This function returns not only the best-fit conic's coefficients, but also the residual error, which is a cheap way to compare between different fitted conics. The assumption is: If randomly sampled 3 points are all parts of the ellipse, the residual error will be low. If the points don't belong to one conic, the residual error will be much higher.

potentialSolutions = 
  SortBy[Select[Table[fitEllipse[RandomSample[edgePos, 3]], {n, 100}],
     isValidEllipse], First];

result = potentialSolutions[[1]];

(There is room for improvement here: the ellipse you're looking for might not be contained in these 100 samples, or it might not be the one with the lowest residual error. A smarter algorithm would take e.g. 50 samples, take the best one or two of these and count the number of nearby points. If enough points are close to it, keep that ellipse, otherwise, take 50 new samples. But that's just a straightforward programming exercise left to the reader ;-) .)

Next step: Find points nearest to the conic. I've tried to calculate the geometric distance exactly (using FindMinimumValue) but that's very slow. A simple, fast approximation is to find N points on the ellipse and simply use Nearest to estimate the distance:

ellipsePts = 
  Select[Flatten[
    Table[{i, y} /. 
      Solve[conic[{x, y}] == 0 /. result[[2]] /. x -> i, y], {i, 0, w,
       10}], 1], Total[Abs[Im[#]]] == 0 &];
nf = Nearest[ellipsePts];

Now, we can calculate the distance of every edge pixel to this conic and pick the ones that are closer than some threshold:

distances = Norm[nf[#][[1]] - #] & /@ edgePos;
closestPoints = Pick[edgePos, # < 10 & /@ distances];

...and improve the ellipse estimate based on these points:

result = fitEllipse[closestPoints];

Repeat the last steps until convergence. (Possible improvements: You could try to reduce the distance threshold in each iteration. Or you could add a "weight" to the curve fitting and give points closer to the current estimate a higher weight when calculating the next estimate.)

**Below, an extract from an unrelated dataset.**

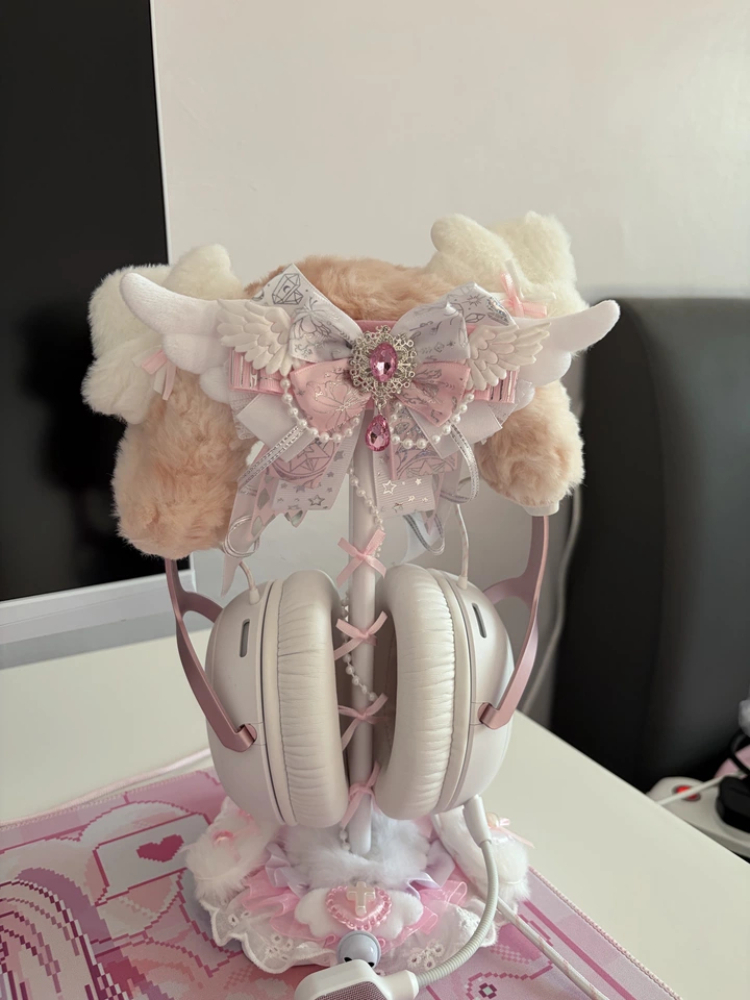 かわいいレースヘッドフォンスタンドピンクホワイトデスクトップ - Headphone Stand Desk のレビューと価格
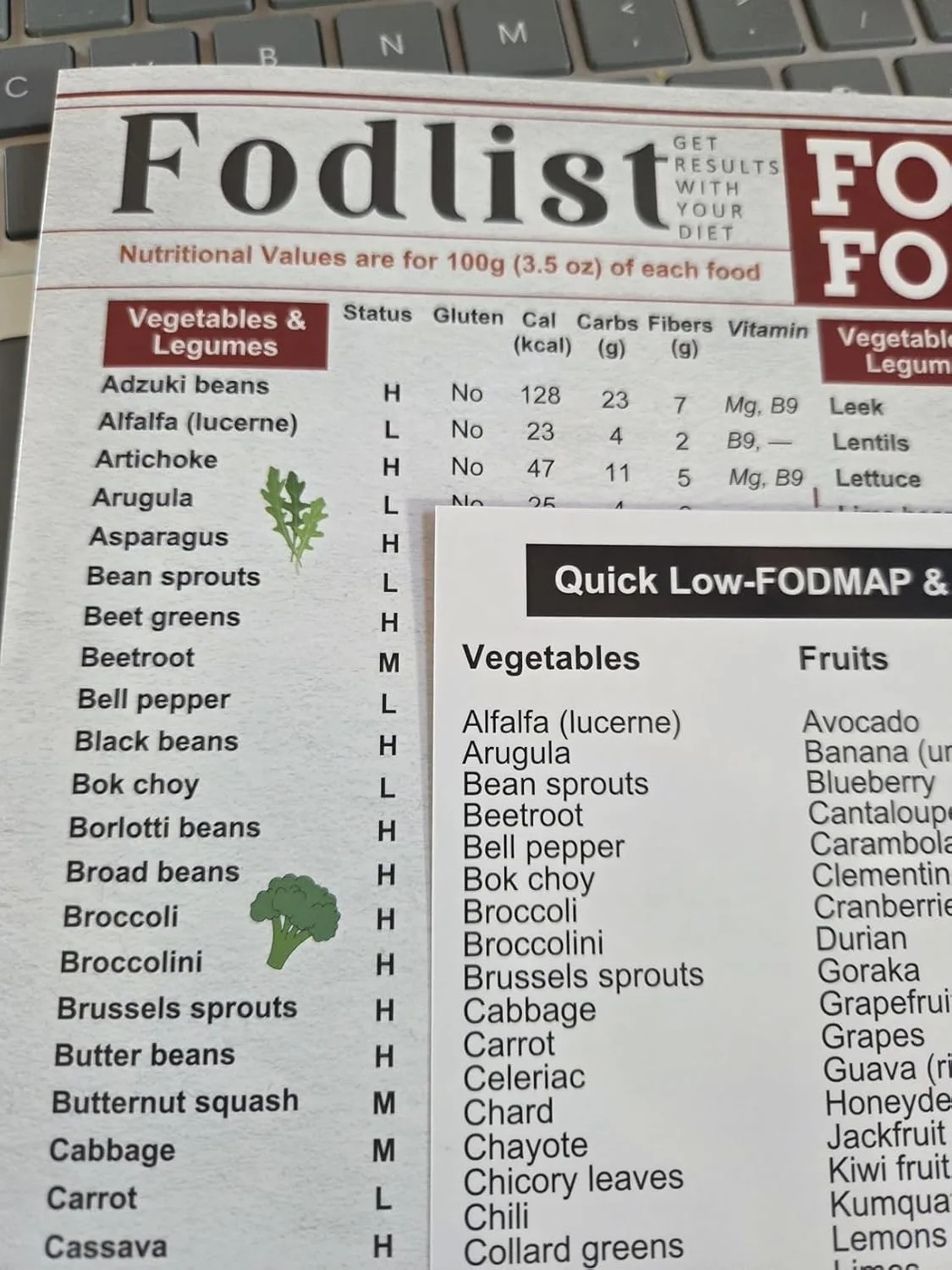 Customer photo of low-FODMAP diet food guide or meal planning chart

The result (after 5 iterations) looks like this:

Show[
 img,
 ContourPlot[
  Evaluate[conic[{x, y}] == 0 /. result[[2]]], {x, 0, w}, {y, 0, h}, 
  ContourStyle -> {Red, Thick}],
 ListPlot[closestPoints]]

enter image description here

Disclaimer: The result will not always look like this, as the algorithm is randomized and the algorithm can get stuck in local minima.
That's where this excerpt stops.